Laurence Barthe a prolongé la réflexion en appelant à clarifier la raison d’être des CODEV, voire à repenser leur appellation. Cette redéfinition, selon elle, ne doit pas être défensive mais joyeuse, accessible, et fidèle à l’esprit d’impertinence qui en fait la richesse.
Elle a esquissé plusieurs élargissements possibles :
sortir de l’obsession du périmètre institutionnel et travailler sur les communs (mobilité, biodiversité, alimentation) ;
bâtir des solidarités d’ingénierie entre territoires pour mutualiser les ressources ;
cultiver trois compétences clés : la facilitation, la médiation et la diplomatie ;
aller vers une démocratie plus inclusive, qui cherche sans relâche celles et ceux qui ne sont jamais là.
Une citoyenneté intercommunale en devenir
Au terme de ces Rencontres, un constat s’impose : la citoyenneté intercommunale n’est pas une évidence, mais une construction patiente.
Les conseils de développement se trouvent à la croisée des chemins : ils ne sont ni des contre-pouvoirs ni de simples chambres d’avis.

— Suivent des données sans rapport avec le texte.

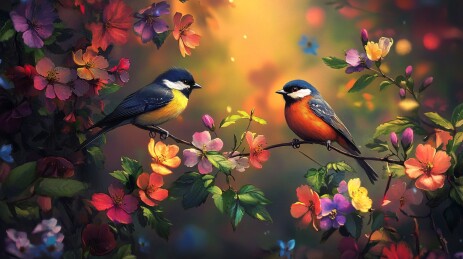 繁花间双鸟相依插画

Ils sont des espaces de respiration démocratique, capables d’articuler la complexité du monde local, de faire dialoguer le sensible et le rationnel, les colères et les enthousiasmes.
Reste à leur donner la place qu’ils méritent. Celle d’acteurs à part entière de la vie publique intercommunale, porteurs d’une promesse : celle d’une démocratie qui ne se contente plus de représenter, mais qui associe, relie et éclaire.